Robo Recallにおいて、音の定位感はプレイしていて特に気になることはありませんでした。敵のロボットが来る方向も音で分かりますし、後ろに回り込まれたこともきちんと認識できます。
音ゲーであるBeat Saberをプレイしていても破綻はありません。E500は音楽用途では平凡ではありますが、ゲームのBGMとしてならではそんなに不満は無いかな、といったところです。
映像鑑賞
SkyBox Playerでライブ映像を鑑賞する際には、音楽の場合と同じような感想を持ちましたが、Oculus Quest自体のオーディオ性能が低いこともあって、そこまで顕著な差を感じにくかったです。
ホワイトノイズの差
Oculus Questはホワイトノイズが割と目立つのですが、E500は感度が低いこともあって他のイヤホンより若干ホワイトノイズが控えめに感じられました。この点は良いポイントではないかと思います。
まとめと結論
E500は評判に違わず高い性能を持ち、コストパフォーマンスが高いイヤホンであると言えます。約2000円という限られたコストの中でパラメータをVR・バイノーラル寄りに振ってあるようで、最適化されているという売り文句は伊達では無いです。特にイヤホンにこだわりが無い場合は、かなり良い製品なのでは無いかと思います。

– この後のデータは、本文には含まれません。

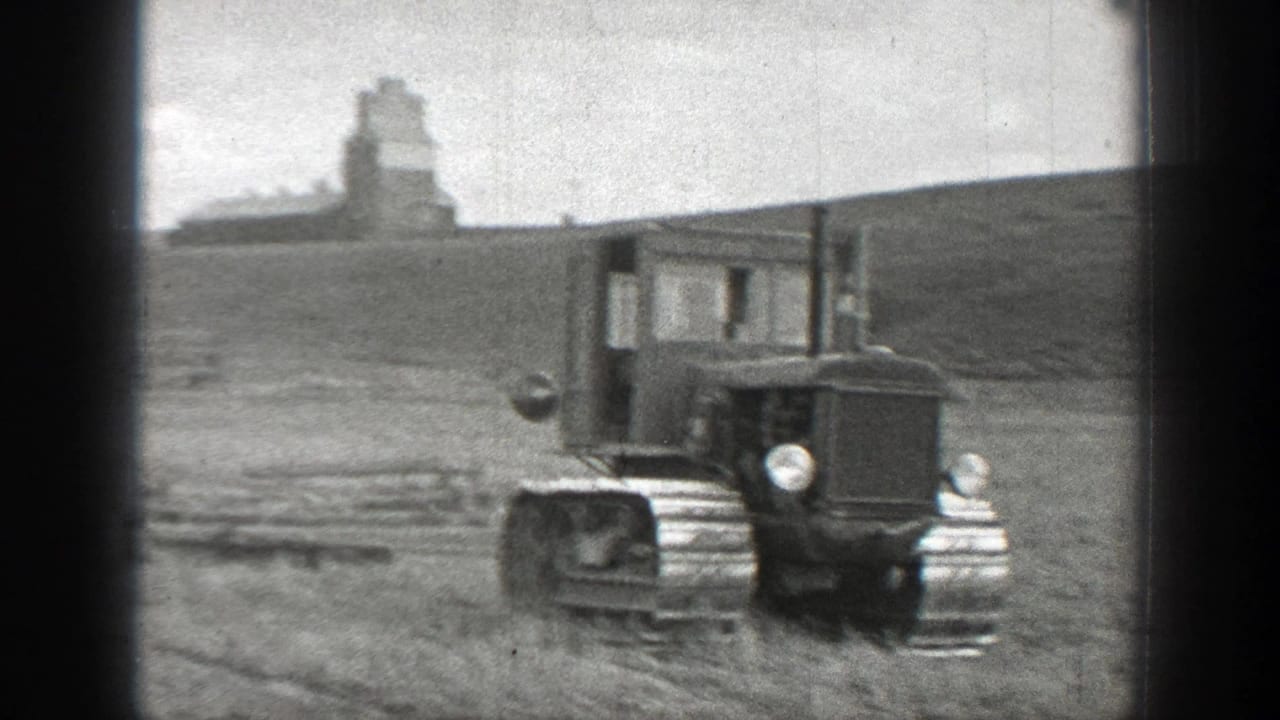 1937 California home-movie frame showing a tracked tractor in an open rural field, with a distant farm structure or silo on a low hill.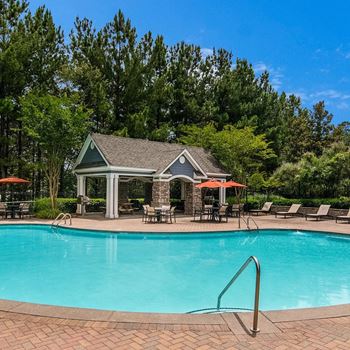 Sparkling swimming pool with lounge chairs at Heritage at Riverstone apartments in Canton, GA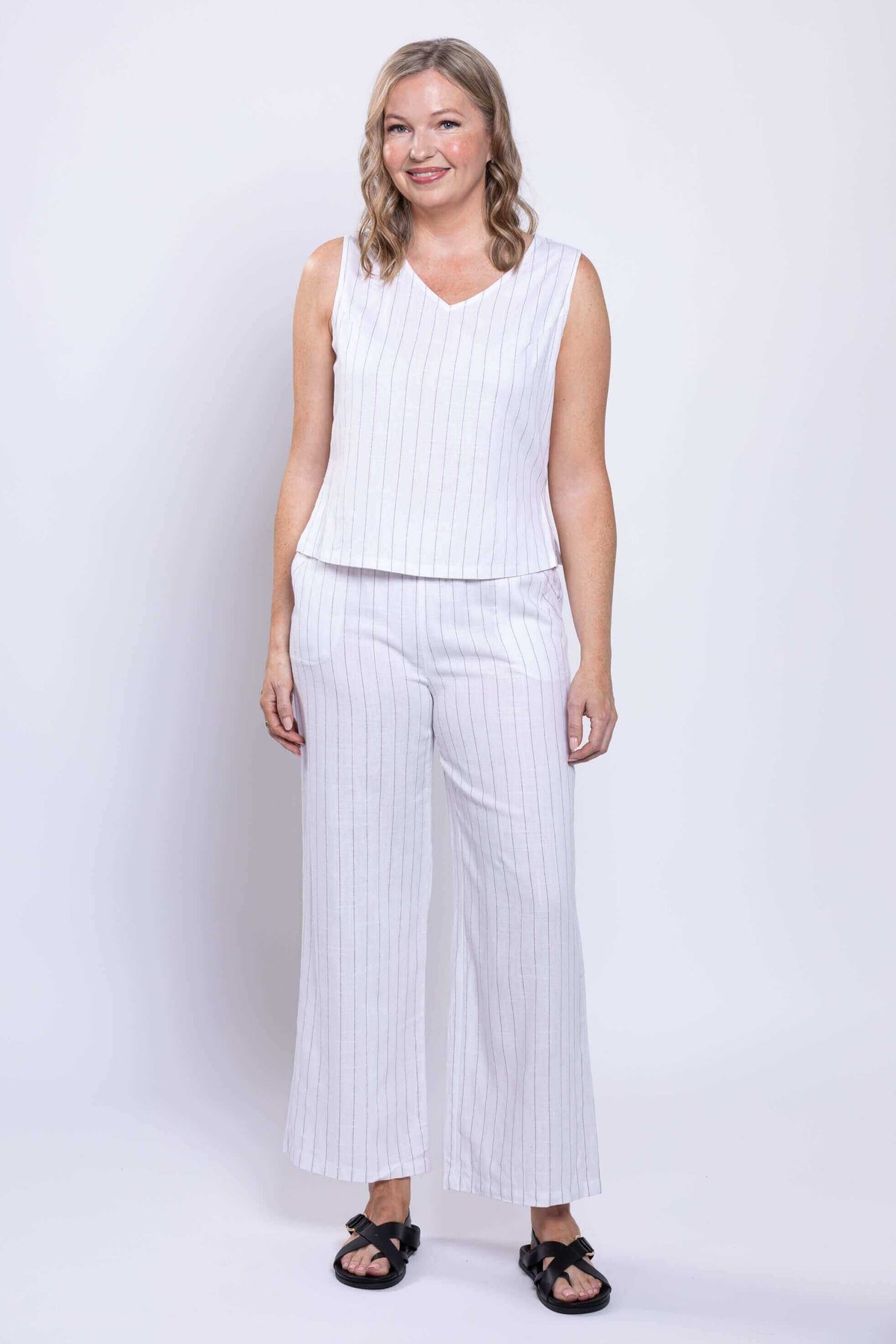 Front view of model wearing white striped wide-leg Parker Pant with sleeveless top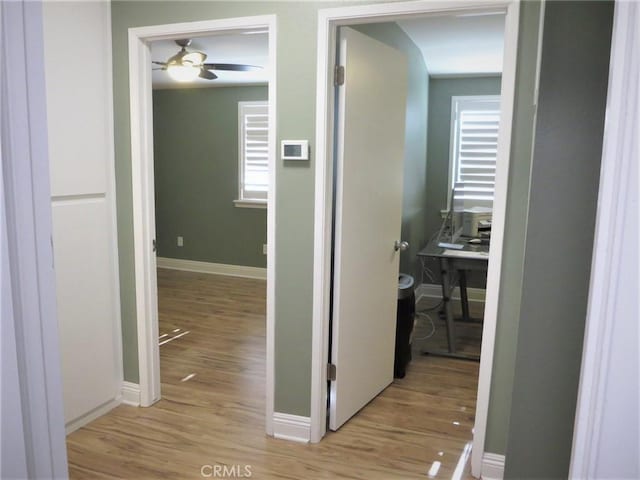 hall with light wood-type flooring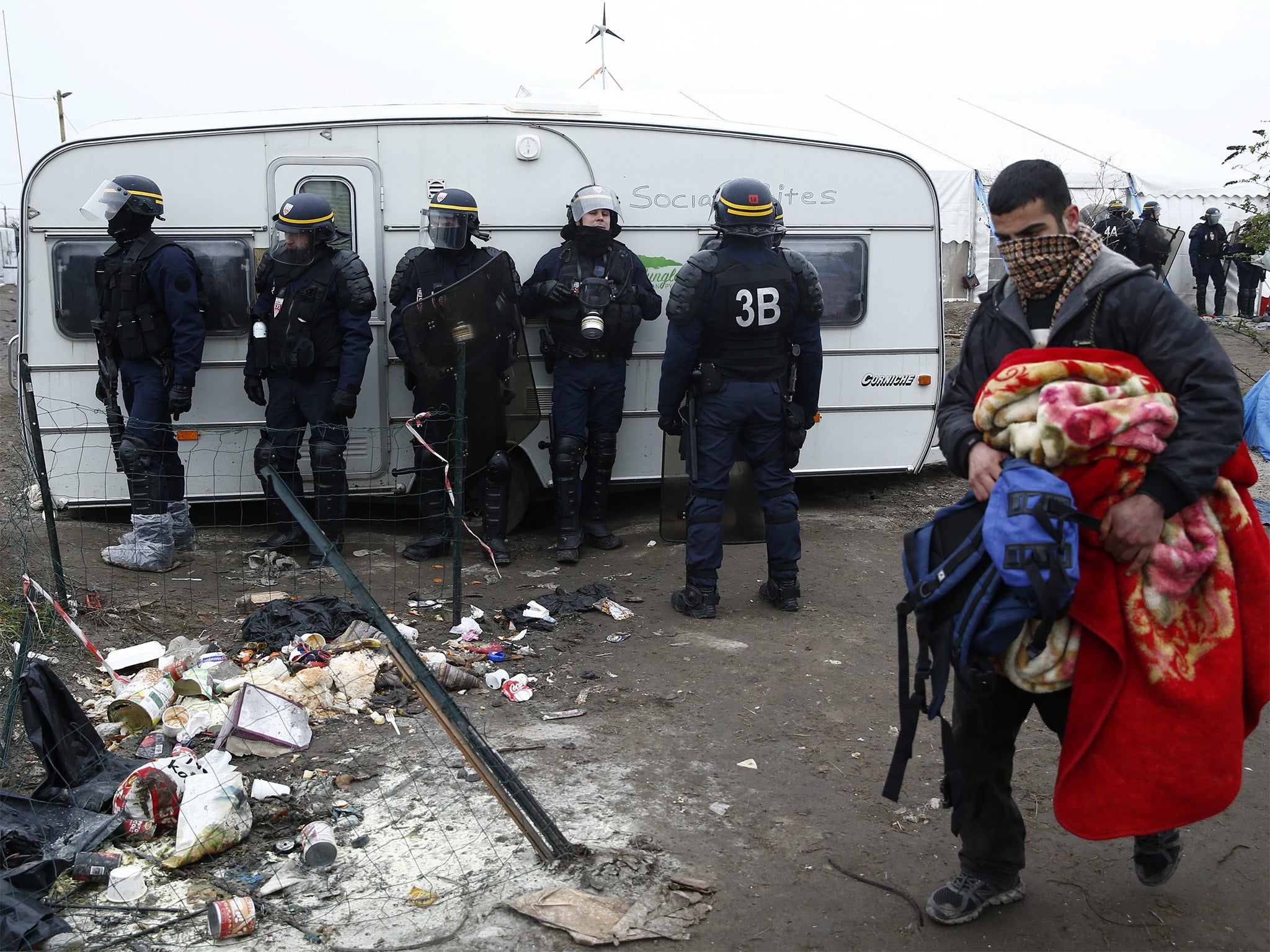 French riot police secure an area inside the camp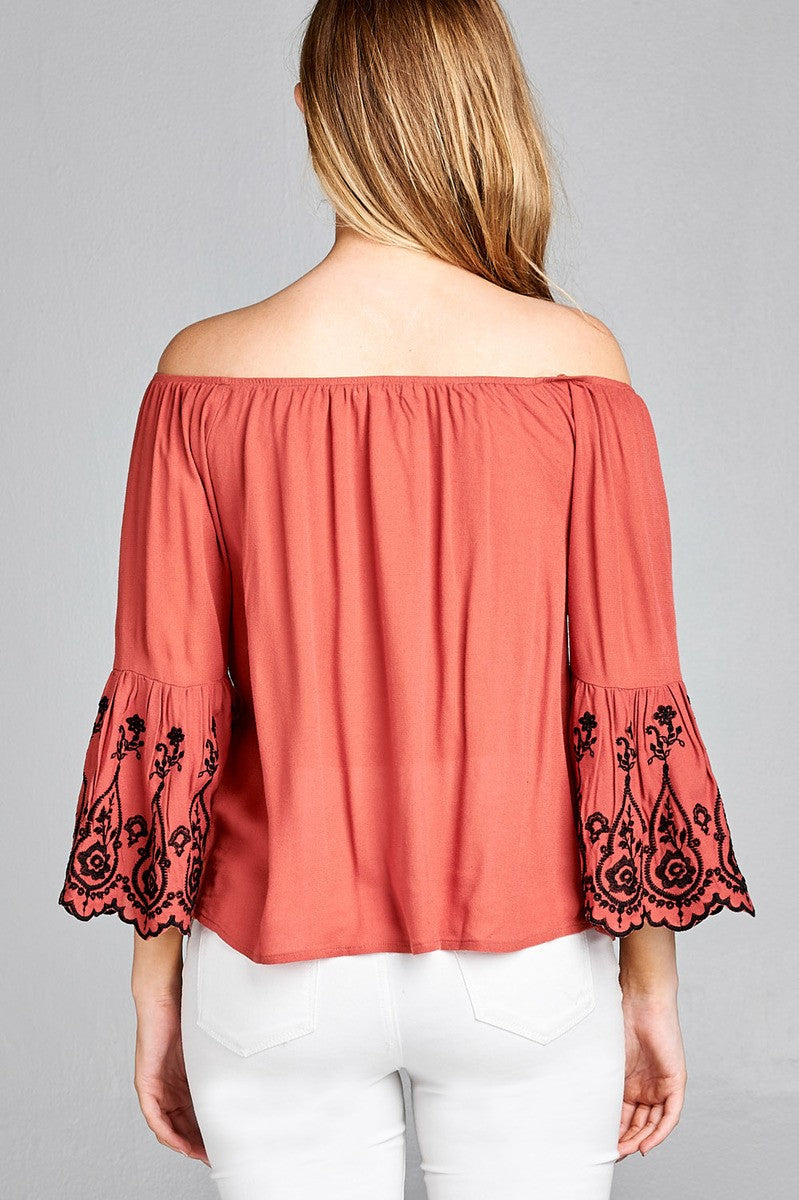 Ladies fashion 3/4 sleeve w/floral embo scallop hem off the shulder woven top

一方で、音楽を単に聴いたり映画を見たりする用途においては、上位機種のE2000/E3000との実力差を感じました。価格差の分の違いはあるわけでは無いのですが、中音~高音の解像度や抜け具合の差は使っていて気なります。
E500はVR用途に限れば上位モデルを覆しているのか?と言われるとそれも微妙なところです。確かにE500のサンプル動画についてはE500の方がより自然な印象を受けるのですが、実際にVRのアプリをいくつか試した分には、E2000もVR用として十分すぎる特性を持っています。
というわけで、スマートフォンやポータブルプレイヤーでも使えるイヤホンが欲しい、Oculus Questでは映像を鑑賞する機会が多い、ということであればE500ではなく、もう少しお金を出してE2000/E3000を買った方が総合的な満足度は高そうです。私はこの選択をオススメします。
Oculus Quest・Oculus Go等専用でつなぎっぱなしにするイヤホンが欲しい、イヤホンにそこまでコストをかけたくない場合、E500はかなり良いと思います。